* Task prompt: Once you find the line with "Ecuadorian National Soccer" in the listing below, set down exactly every line from it through the line with "Litchi Texture Horizontal", but no pictures.

* Task material:
%%
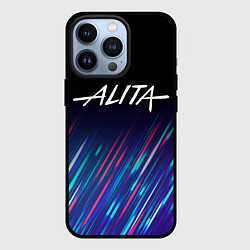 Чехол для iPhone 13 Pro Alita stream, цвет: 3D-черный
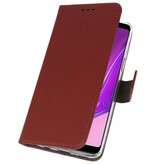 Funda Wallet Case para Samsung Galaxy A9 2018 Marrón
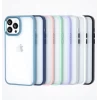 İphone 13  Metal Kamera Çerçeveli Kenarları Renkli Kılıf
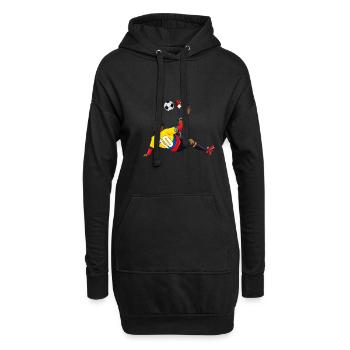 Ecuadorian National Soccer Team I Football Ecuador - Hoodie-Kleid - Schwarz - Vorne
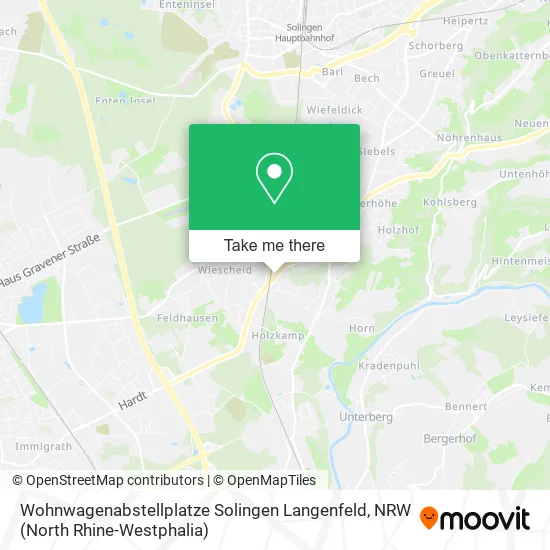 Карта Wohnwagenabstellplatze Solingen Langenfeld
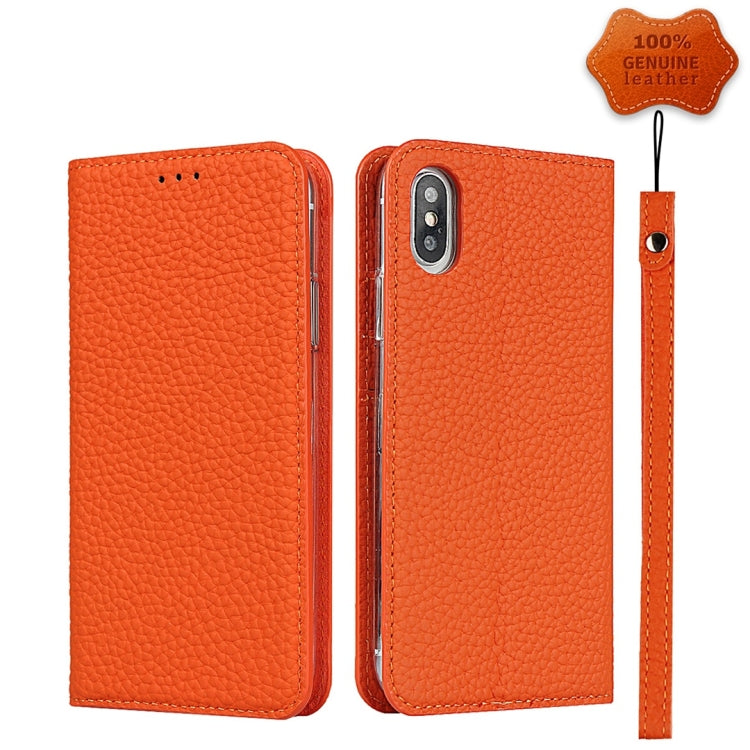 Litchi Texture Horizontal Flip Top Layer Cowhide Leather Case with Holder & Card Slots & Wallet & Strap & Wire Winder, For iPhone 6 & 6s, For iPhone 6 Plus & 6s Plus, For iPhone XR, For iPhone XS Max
%%
%%
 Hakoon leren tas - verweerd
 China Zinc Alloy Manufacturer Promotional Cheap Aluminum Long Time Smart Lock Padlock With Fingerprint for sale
%%
* Answer to this task:
 Ecuadorian National Soccer Team I Football Ecuador - Hoodie-Kleid - Schwarz - Vorne
 Карта Wohnwagenabstellplatze Solingen Langenfeld
 Litchi Texture Horizontal Flip Top Layer Cowhide Leather Case with Holder & Card Slots & Wallet & Strap & Wire Winder, For iPhone 6 & 6s, For iPhone 6 Plus & 6s Plus, For iPhone XR, For iPhone XS Max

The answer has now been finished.